Gardner, in his leading article, who was references by Murray in this former quote elaborates by saying; "There now is irrefutable evidence that small amounts of intact peptides and proteins do enter the circulation under normal circumstances....There is now no reasonable doubt that small quantities of intact proteins do cross the gastrointestinal tract in an im nis and adult humans, and that this is a physiologically normal process required for antigen sampling by subepithelial immune tissue in the gut....The process of intact protein absorption occurs without eliciting harmful consequences for most individuals, but it appears likely that a small number of people absorbing these "normal" amounts may react idiosyncratically; also, some individuals may absorb excess amounts, and they may suffer clinically significant consequences."( 35)

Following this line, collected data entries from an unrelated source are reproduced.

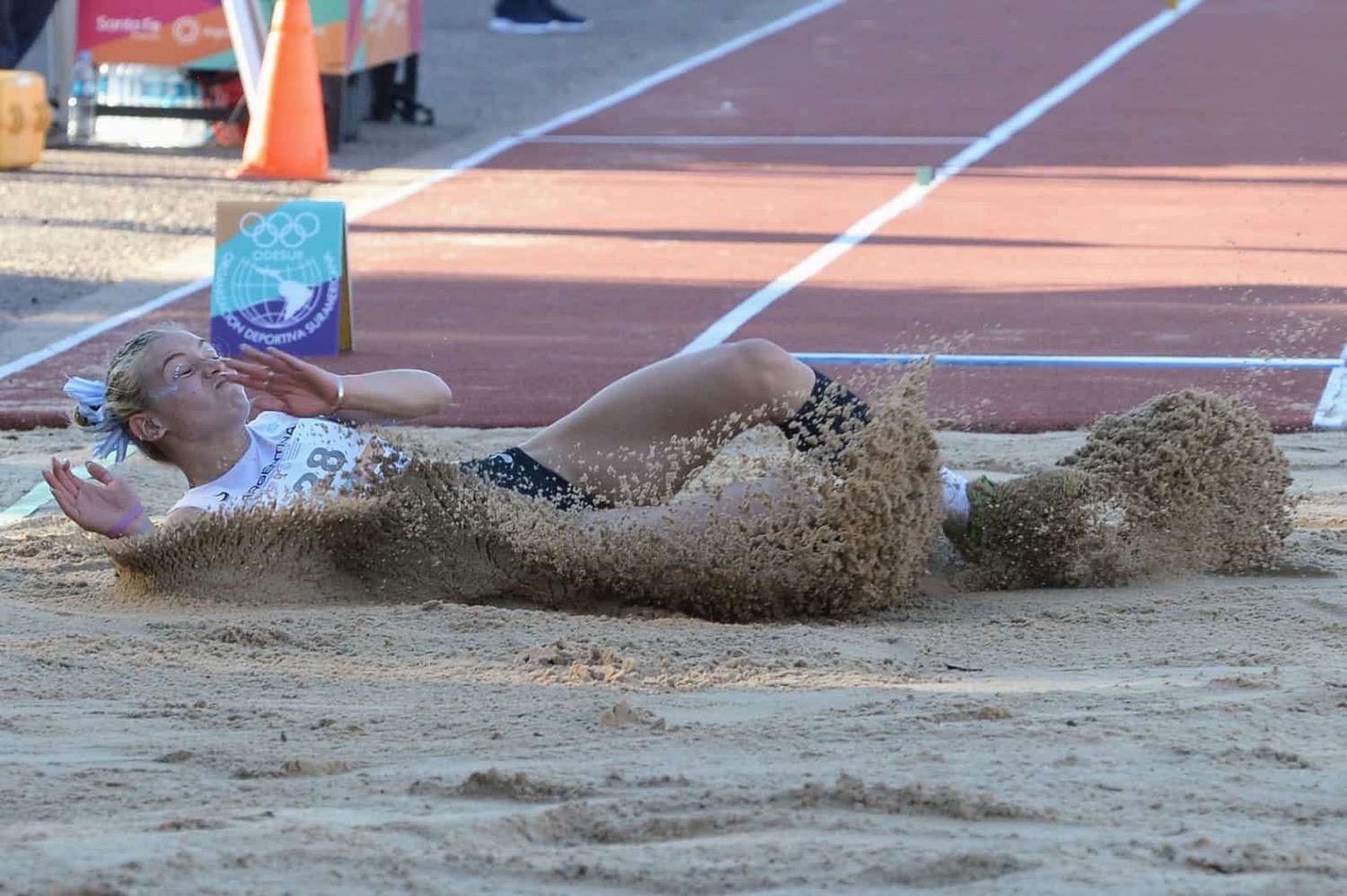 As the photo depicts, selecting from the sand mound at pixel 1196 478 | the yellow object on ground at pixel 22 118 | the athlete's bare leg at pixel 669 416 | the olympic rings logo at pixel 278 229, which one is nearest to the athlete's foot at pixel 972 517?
the sand mound at pixel 1196 478

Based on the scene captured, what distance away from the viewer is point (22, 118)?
11602 millimetres

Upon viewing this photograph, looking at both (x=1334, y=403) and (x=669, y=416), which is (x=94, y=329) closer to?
(x=669, y=416)

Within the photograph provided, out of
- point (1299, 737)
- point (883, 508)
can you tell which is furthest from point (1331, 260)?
point (1299, 737)

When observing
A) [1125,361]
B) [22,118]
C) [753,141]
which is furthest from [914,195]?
[22,118]

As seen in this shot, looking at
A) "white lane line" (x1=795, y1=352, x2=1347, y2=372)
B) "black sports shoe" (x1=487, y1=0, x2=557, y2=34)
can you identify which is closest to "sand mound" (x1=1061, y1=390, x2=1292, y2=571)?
"white lane line" (x1=795, y1=352, x2=1347, y2=372)

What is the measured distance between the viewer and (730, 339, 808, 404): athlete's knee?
432 cm

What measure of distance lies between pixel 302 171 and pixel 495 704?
8.64 meters

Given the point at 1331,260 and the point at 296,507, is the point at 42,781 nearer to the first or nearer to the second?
the point at 296,507

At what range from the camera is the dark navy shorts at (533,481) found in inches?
177

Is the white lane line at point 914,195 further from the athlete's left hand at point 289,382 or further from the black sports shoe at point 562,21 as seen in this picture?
the black sports shoe at point 562,21

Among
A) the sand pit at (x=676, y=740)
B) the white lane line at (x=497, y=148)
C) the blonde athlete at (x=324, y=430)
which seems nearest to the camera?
the sand pit at (x=676, y=740)

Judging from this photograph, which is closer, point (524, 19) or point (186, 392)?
point (186, 392)

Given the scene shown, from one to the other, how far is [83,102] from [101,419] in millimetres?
8917

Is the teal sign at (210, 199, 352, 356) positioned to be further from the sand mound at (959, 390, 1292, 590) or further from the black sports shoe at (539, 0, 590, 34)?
the black sports shoe at (539, 0, 590, 34) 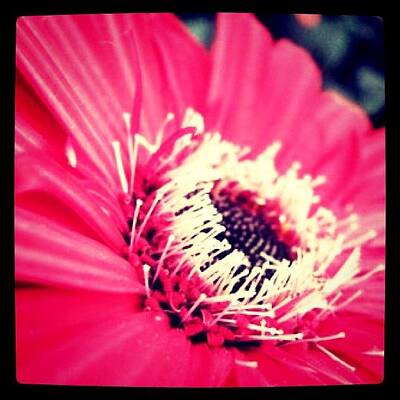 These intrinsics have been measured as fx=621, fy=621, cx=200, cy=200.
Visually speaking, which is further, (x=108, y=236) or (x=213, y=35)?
(x=213, y=35)

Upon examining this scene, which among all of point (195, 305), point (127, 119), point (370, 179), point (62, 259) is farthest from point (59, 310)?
point (370, 179)

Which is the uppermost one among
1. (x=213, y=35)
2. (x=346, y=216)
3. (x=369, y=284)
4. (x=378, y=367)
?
(x=213, y=35)

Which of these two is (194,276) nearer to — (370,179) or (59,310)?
(59,310)

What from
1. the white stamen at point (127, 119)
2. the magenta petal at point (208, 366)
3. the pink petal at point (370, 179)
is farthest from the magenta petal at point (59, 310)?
the pink petal at point (370, 179)

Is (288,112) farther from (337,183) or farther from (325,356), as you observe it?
(325,356)

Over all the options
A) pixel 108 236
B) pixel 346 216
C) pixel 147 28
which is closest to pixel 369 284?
pixel 346 216

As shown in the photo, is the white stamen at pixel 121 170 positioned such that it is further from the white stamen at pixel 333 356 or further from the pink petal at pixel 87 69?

Over 50,000 patients worldwide have taken shark cartilage over the last five years. No adverse immune binding or allergic reactions to shark cartilage have been reported in the literature or by any treating physicians.

As early as 1980 Mathews and Payne in their chapter titled Transmembrane Transport of Small Peptides in Current Topics in Membranes and Transport, Vol 14, admitted that "not long ago, the author of this section (Mathews) might have written that it was probable that there was no significant mediated uptake of tetra or higher peptides, but a recent report has provided evidence for uptake by the absorptive cells of at least one tetrapeptide...."( 36)

What Molecular Weights Can Pass Through the Intestinal Tract Intact?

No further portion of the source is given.